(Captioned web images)
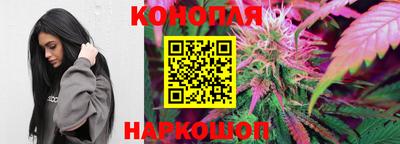 стафф Нальчик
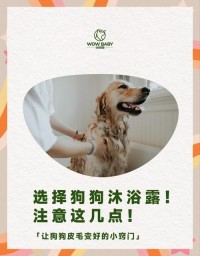 狗狗洗澡技巧：水温、沐浴露选择，吹干注意事项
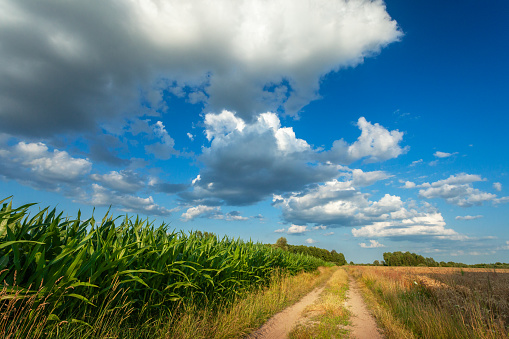 A dirt road next to a cornfield and small clouds in a July summer sky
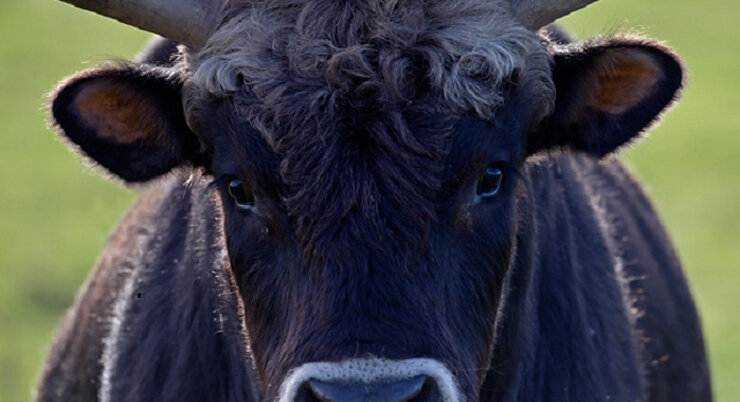 Из интернета.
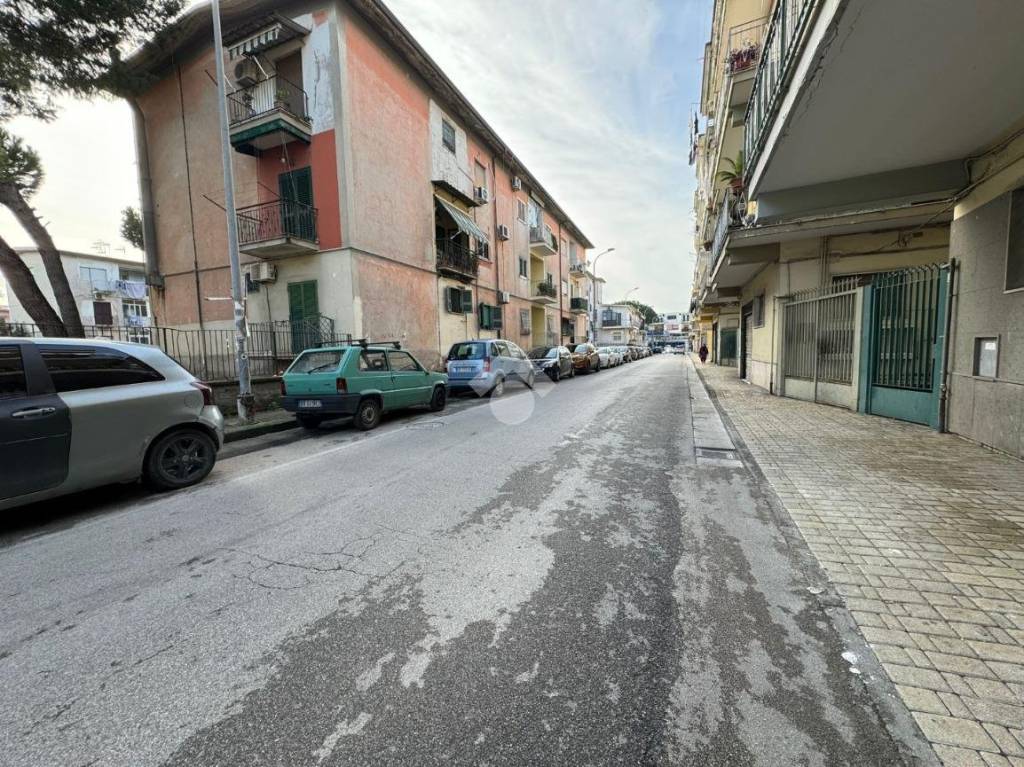 immagine annuncio 5 di 13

- **Exercise description**
Leave the pictures out, and retype exactly the lines from the one containing "狗狗洗澡技巧：水温、沐浴露选择，吹干注意事项" through the last line of the entries above, both included.

- **Answer below**
 狗狗洗澡技巧：水温、沐浴露选择，吹干注意事项
 A dirt road next to a cornfield and small clouds in a July summer sky
 Из интернета.
 immagine annuncio 5 di 13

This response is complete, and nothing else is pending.